II. Scope of deliveries and services

  1. SIO delivers its own or third-party products (so-called merchandise) in accordance with commercial law and provides development, installation and training services in accordance with contract law.
  2. For the scope of deliveries and services for service contracts, the jointly agreed upon binding specification is decisive. If a contract has been concluded without a specification, the written order confirmation from SIO is authoritative.
  3. SIO owes the confirmed service ex works, excluding packaging and insurance.
  4. Installation, examinations, training and advice on site will be invoiced separately according to expenditure.
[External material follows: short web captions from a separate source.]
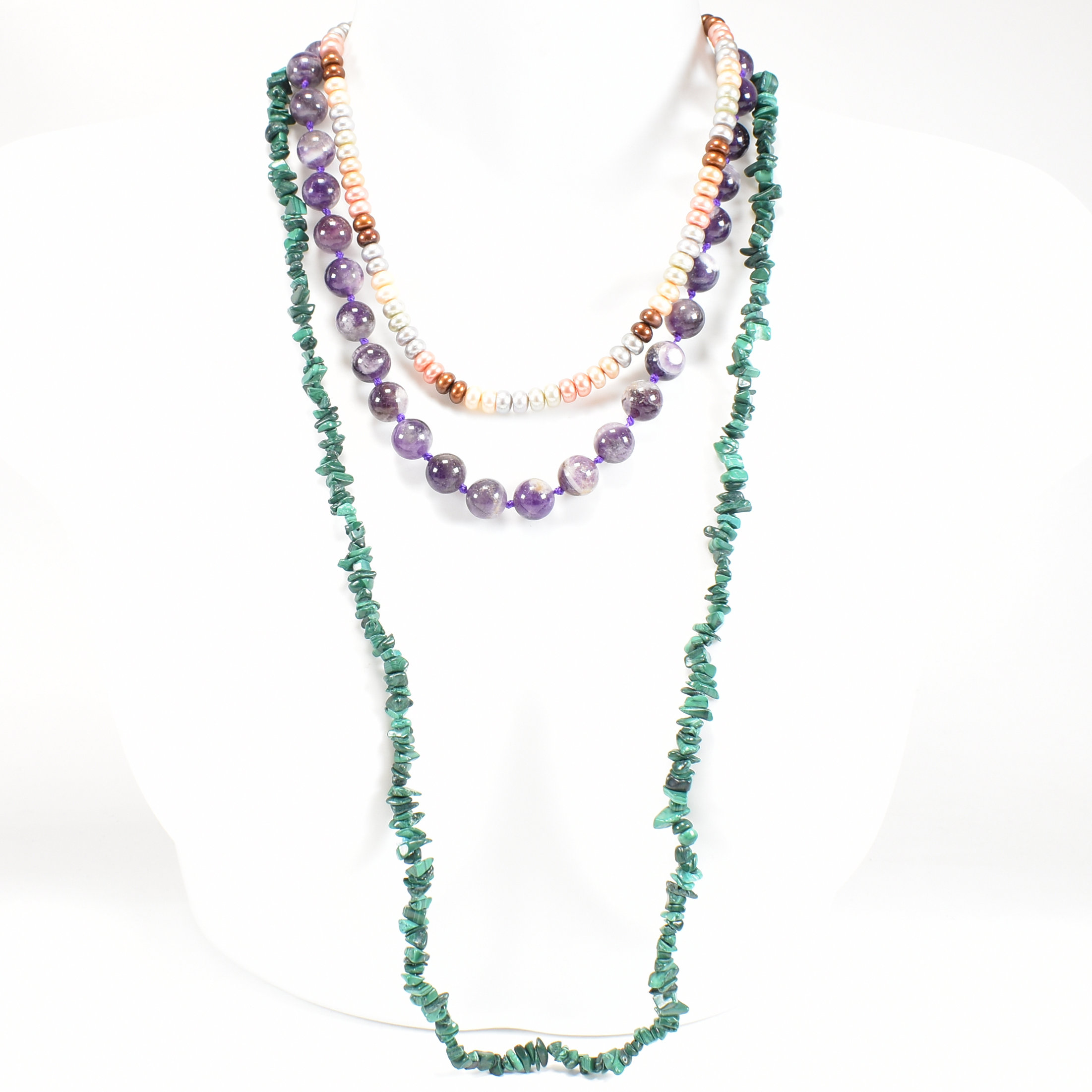 COLLECTION OF BEAD NECKLACES - Image 2 of 7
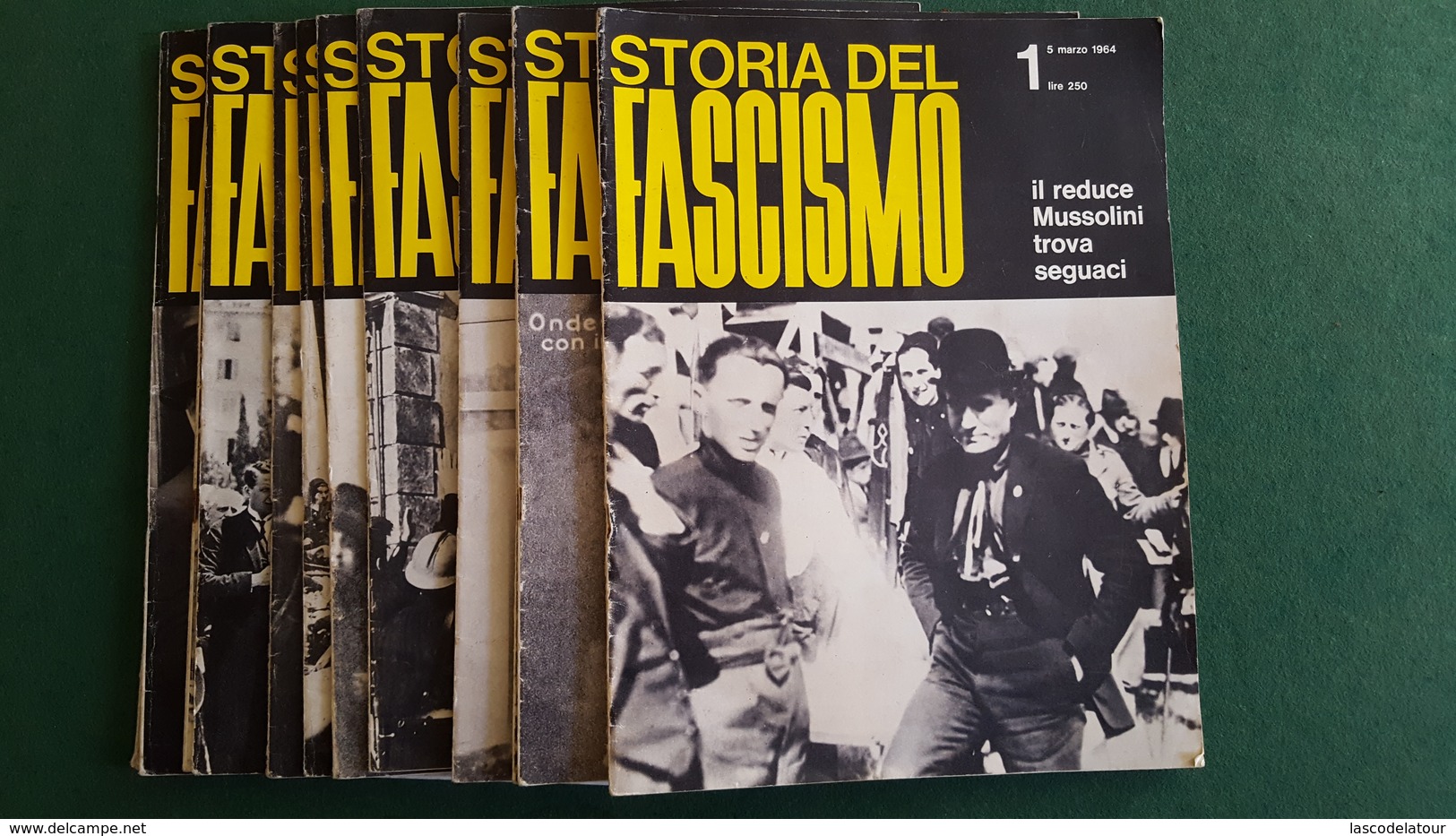 STORIA DEL FASCISMO 12 Premiers Numéros - Guerre 1914-18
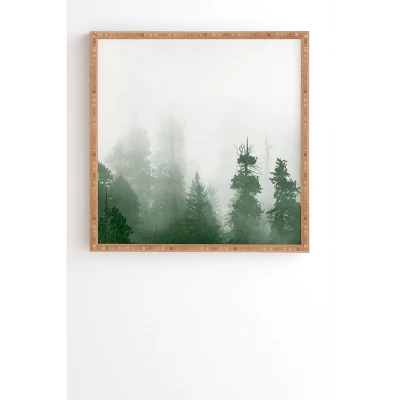 Nature Magick Forest Adventure Bamboo Framed Wall Art Green - Deny Designs 3 Nature Magick Forest Adventure Bamboo Framed Wall Art Green - Deny Designs - Image 3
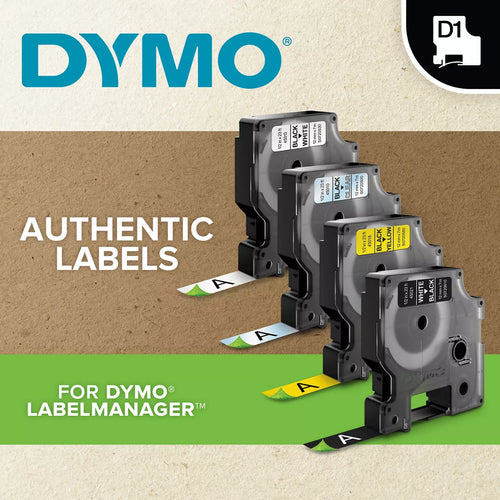 DYMO LabelManager 280 Rechargeable Handheld Label Maker Kit | QWERTY Keyboard | with 2 Rolls of D1 Labels & Carrying Case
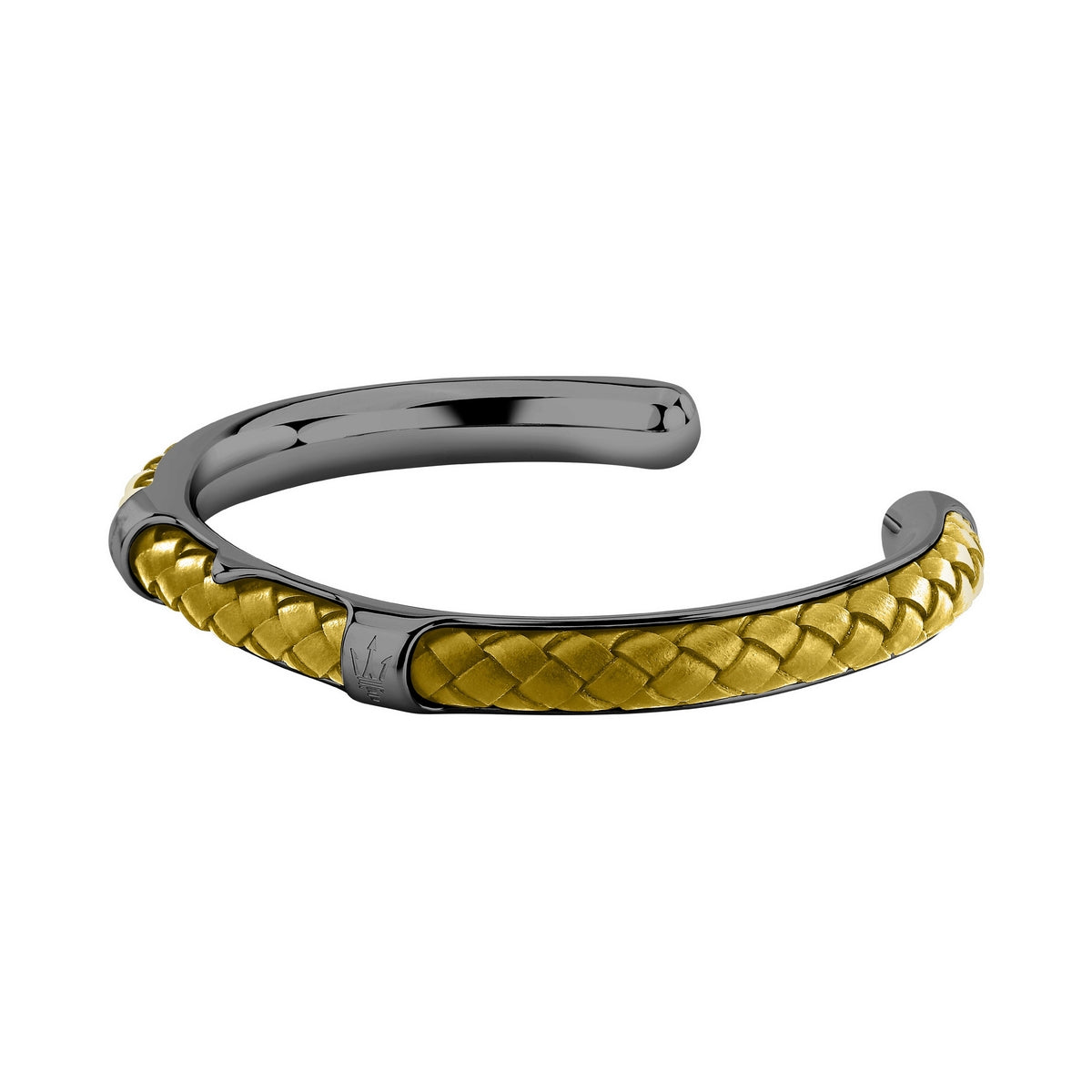 maserati jewels leather bangle ss dg leath ye 6.5x5.5cm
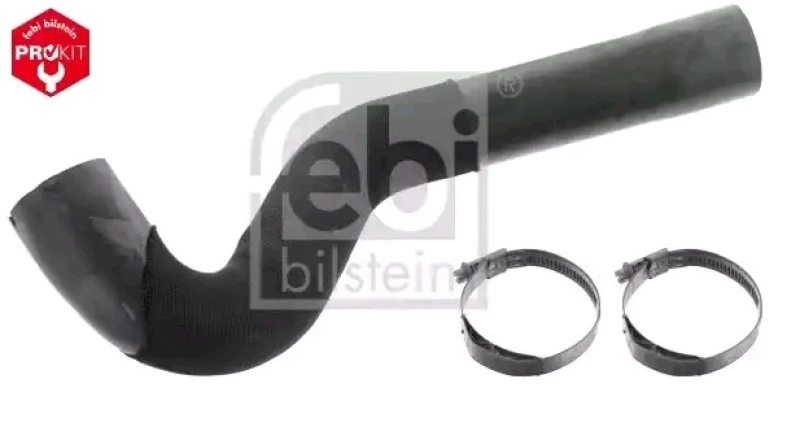 Image of FEBI BILSTEIN 49142 Radiator Hose OE Turbo NEW, EPDM (ethylene propylene diene Monomer (M-class) rubber), with clamps EPDM (ethylene propylene diene M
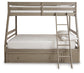 Robbinsdale  Over  Bunk Bed With Storage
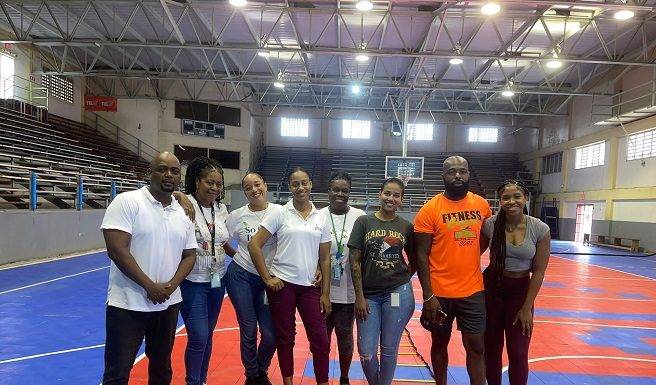 MHF Hosts Boot Camp session for Clients at the Daycare Facility.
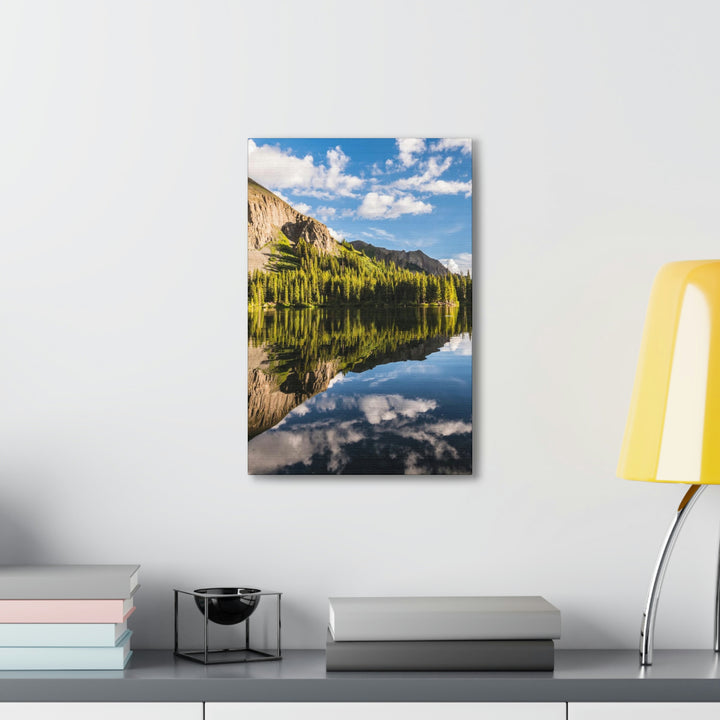 Mountain Scene Reflected - Canvas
In the case of adaptations or improvements owed by SIO, the customer is not charged for the amount of time that is due for this.
  5. If several individual components are sold in one offer, it cannot be concluded that they can be integrated into a system or that system integration can be demanded.
  6. The customer is responsible for complying with safety-related requirements when operating the machines or systems and ensuring an electromagnetically compatible environment for the operation of the delivered products.
  7. Unless otherwise instructed, the customer creates operating instructions for the developmental products in a manner that is adapted to the end customer. Technical documentation from SIO can be replaced by instruction from the customer in the case of special developments, especially in the case of expected further development.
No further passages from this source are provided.